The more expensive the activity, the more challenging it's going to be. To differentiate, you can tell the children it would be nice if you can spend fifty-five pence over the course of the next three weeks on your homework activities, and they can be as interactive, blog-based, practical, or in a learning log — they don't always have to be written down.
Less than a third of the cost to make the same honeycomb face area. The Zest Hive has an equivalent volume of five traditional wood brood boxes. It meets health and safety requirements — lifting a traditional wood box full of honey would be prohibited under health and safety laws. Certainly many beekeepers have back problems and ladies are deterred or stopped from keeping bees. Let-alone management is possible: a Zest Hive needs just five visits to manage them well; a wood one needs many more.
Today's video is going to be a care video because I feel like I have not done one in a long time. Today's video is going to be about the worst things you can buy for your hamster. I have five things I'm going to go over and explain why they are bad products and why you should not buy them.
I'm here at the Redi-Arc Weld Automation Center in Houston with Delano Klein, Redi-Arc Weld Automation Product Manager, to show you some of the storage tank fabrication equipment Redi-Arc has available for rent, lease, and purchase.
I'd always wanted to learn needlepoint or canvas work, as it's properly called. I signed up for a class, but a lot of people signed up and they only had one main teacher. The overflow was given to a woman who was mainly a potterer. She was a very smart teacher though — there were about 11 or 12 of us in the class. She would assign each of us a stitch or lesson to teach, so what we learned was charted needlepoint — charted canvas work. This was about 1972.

--

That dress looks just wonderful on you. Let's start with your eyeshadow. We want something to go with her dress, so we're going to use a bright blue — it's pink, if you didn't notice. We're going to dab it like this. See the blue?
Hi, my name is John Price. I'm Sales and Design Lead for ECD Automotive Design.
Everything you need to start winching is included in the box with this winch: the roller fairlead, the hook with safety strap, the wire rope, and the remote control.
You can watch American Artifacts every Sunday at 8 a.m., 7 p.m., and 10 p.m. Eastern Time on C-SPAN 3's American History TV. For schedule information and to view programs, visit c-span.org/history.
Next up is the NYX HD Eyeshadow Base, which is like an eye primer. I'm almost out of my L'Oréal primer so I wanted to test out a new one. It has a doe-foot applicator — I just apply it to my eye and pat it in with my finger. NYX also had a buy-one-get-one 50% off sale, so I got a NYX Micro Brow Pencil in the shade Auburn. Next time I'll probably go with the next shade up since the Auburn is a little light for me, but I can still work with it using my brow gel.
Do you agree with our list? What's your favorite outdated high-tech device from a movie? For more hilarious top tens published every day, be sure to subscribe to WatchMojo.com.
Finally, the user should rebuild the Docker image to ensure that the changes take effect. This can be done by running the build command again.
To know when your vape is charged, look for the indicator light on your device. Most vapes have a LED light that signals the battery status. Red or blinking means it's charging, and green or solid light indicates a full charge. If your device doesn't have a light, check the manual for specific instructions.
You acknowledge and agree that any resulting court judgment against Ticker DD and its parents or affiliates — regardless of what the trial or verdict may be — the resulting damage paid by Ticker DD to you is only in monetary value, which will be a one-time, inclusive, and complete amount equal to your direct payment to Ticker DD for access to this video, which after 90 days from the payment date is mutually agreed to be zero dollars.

- _INSTRUCTIONS FOR THE TASK_:
Please report every line of the listing that contains the string "about".

- _WRITTEN SOLUTION_:
Today's video is going to be a care video because I feel like I have not done one in a long time. Today's video is going to be about the worst things you can buy for your hamster. I have five things I'm going to go over and explain why they are bad products and why you should not buy them.
I'd always wanted to learn needlepoint or canvas work, as it's properly called. I signed up for a class, but a lot of people signed up and they only had one main teacher. The overflow was given to a woman who was mainly a potterer. She was a very smart teacher though — there were about 11 or 12 of us in the class. She would assign each of us a stitch or lesson to teach, so what we learned was charted needlepoint — charted canvas work. This was about 1972.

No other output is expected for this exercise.